[Short web captions]
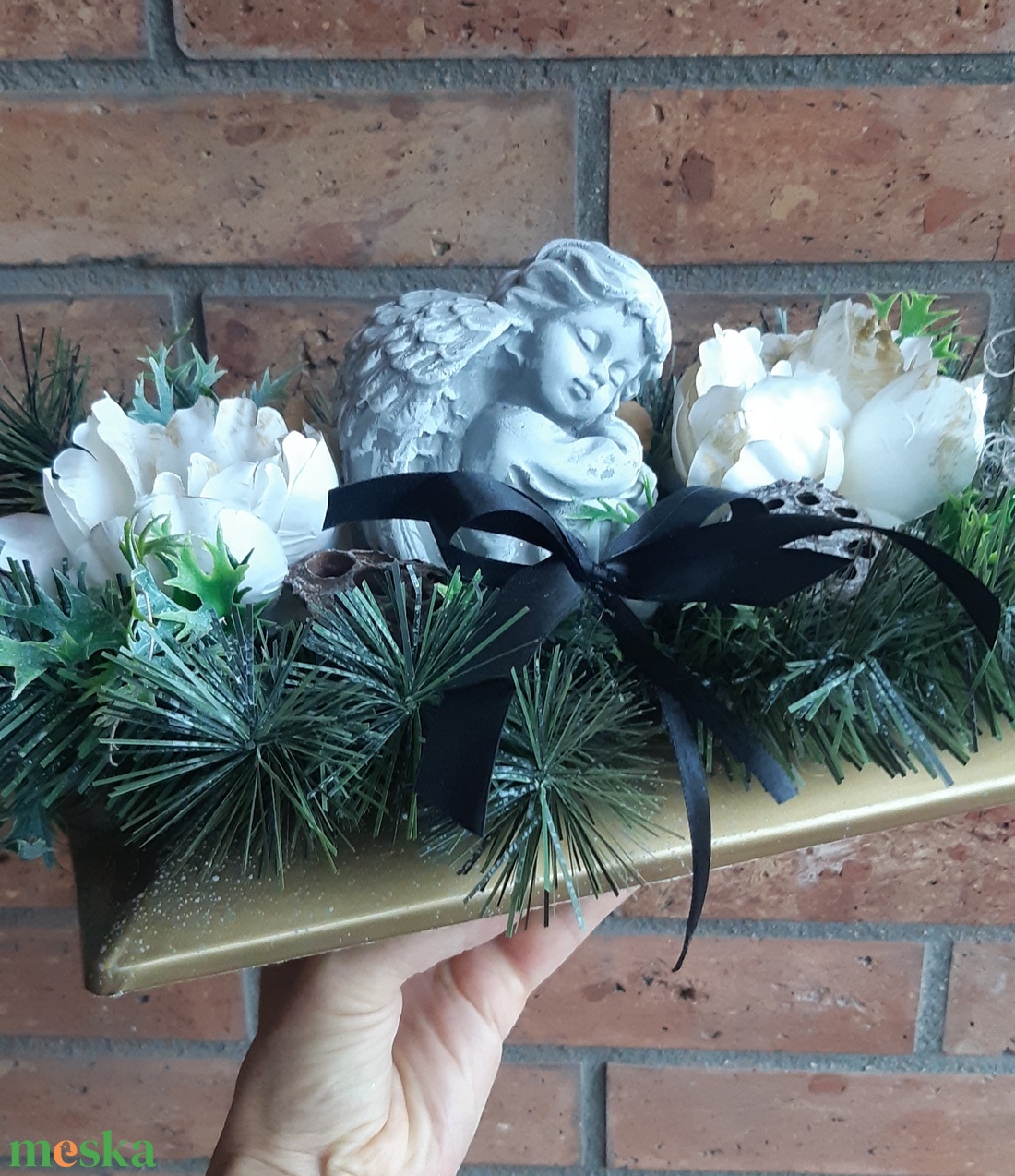 Sírdísz-Műfenyős angyallal díszített - otthon & életmód - vallás - temetkezési tárgy - sírdísz, kegyeleti dísz - Meska.hu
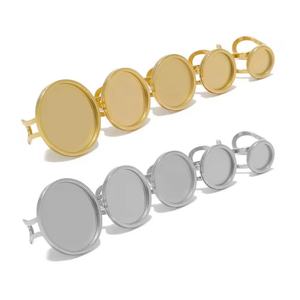 Carré rond ouvert anneau Cabochon camée blanc plateau paramètres de Base pour bricolage anneaux fabrication de bijoux résultats fournitures - Product Image 6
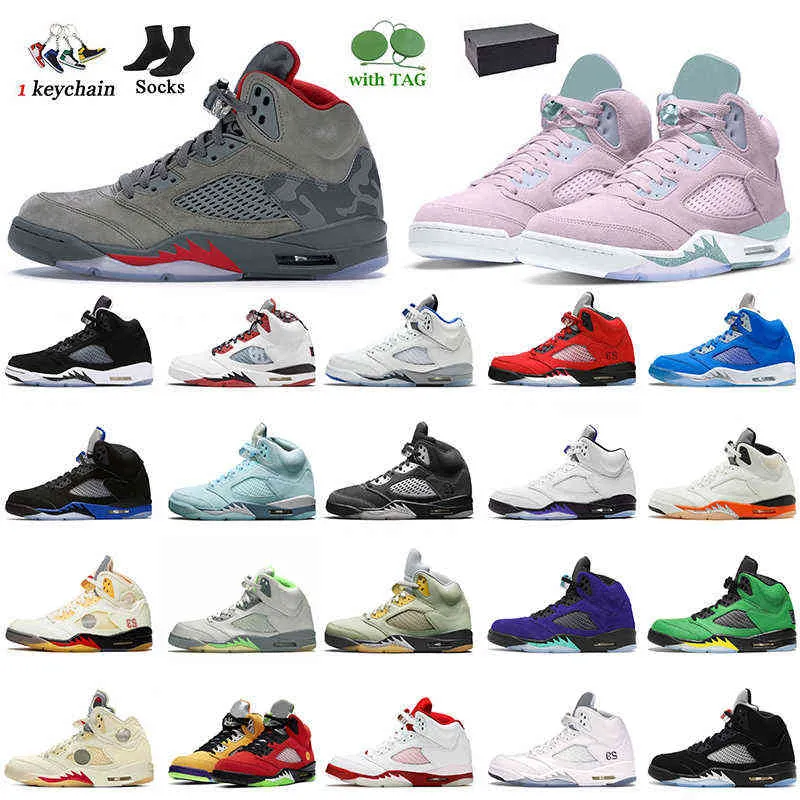 Top Quality 2022 Women Mens Jumpman 5 5s Easter Outdoor Shoes High OG Camo Concord Shattered Backboard White Oreo Bluebird Raging Bull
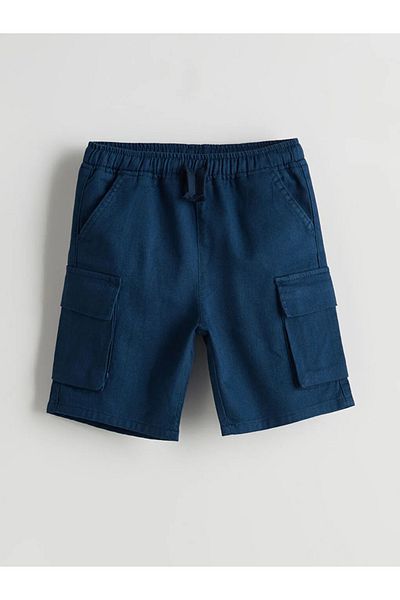 LC Waikiki Pantaloni scurți pentru băieți LCW Kids Indigo din Gabardină cu talie elastică
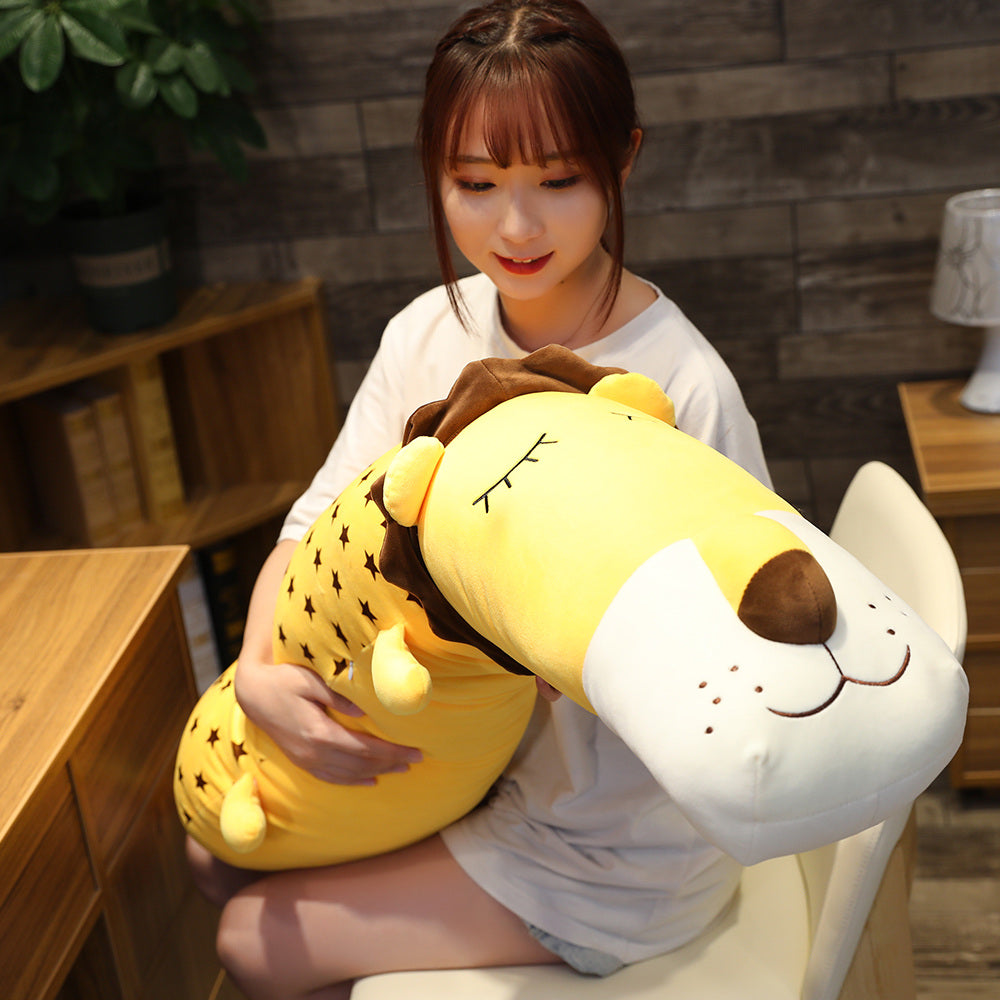Cartoon Sleeping Animal Long Pillow Soft Plush Stuffed Doll Gift for Kid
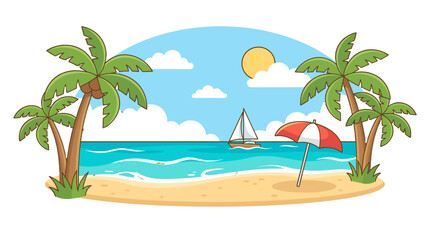Obraz premium Sunny tropical beach scene with palm trees and sailboat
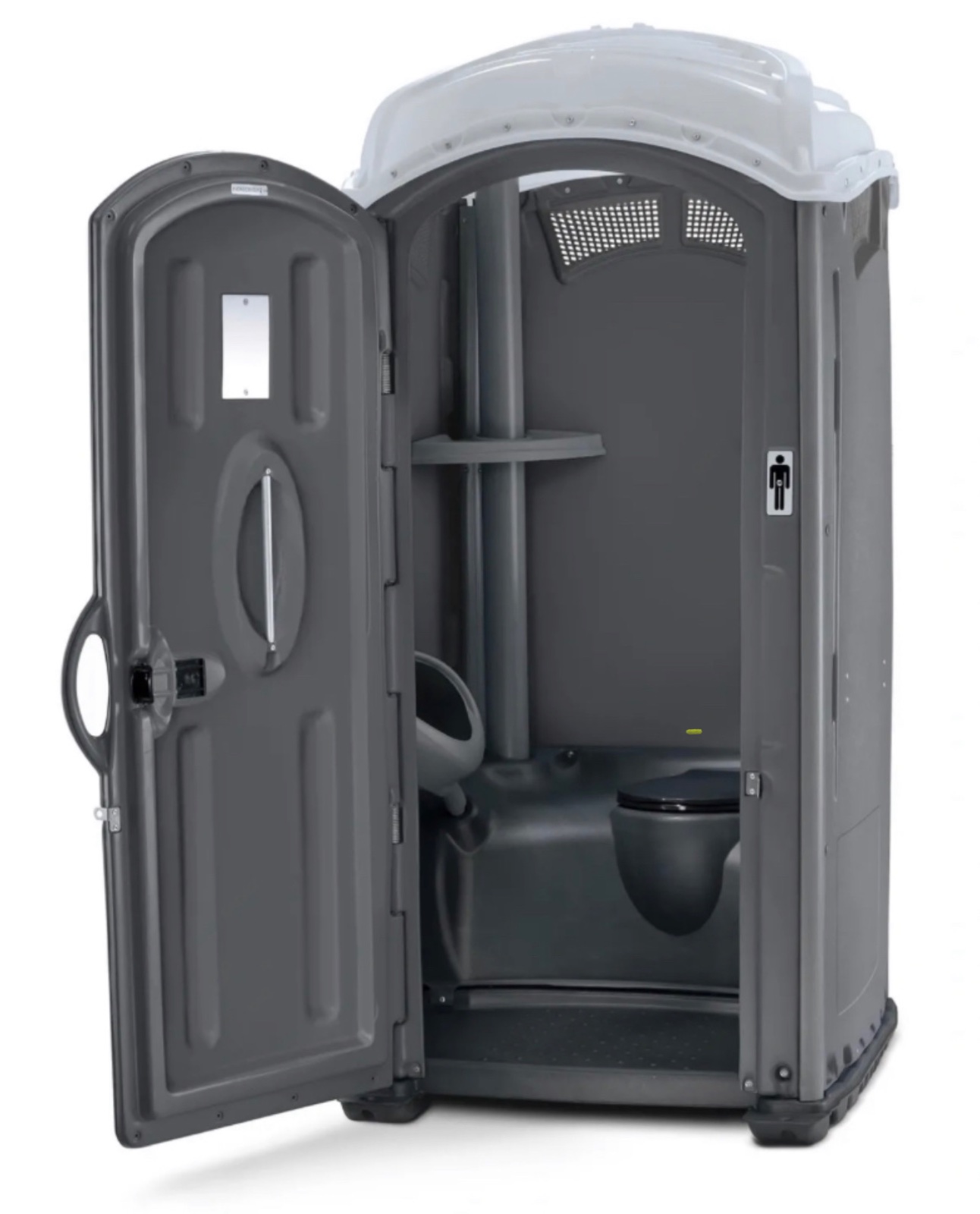 Gray standard portable restroom interior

▶ [Assignment]:
Copy out, with no pictures, the lines from the one containing "Cartoon Sleeping Animal" through the last line of the data above, both ends included and each word unchanged.

▶ [Written response]:
Cartoon Sleeping Animal Long Pillow Soft Plush Stuffed Doll Gift for Kid
Obraz premium Sunny tropical beach scene with palm trees and sailboat
 Gray standard portable restroom interior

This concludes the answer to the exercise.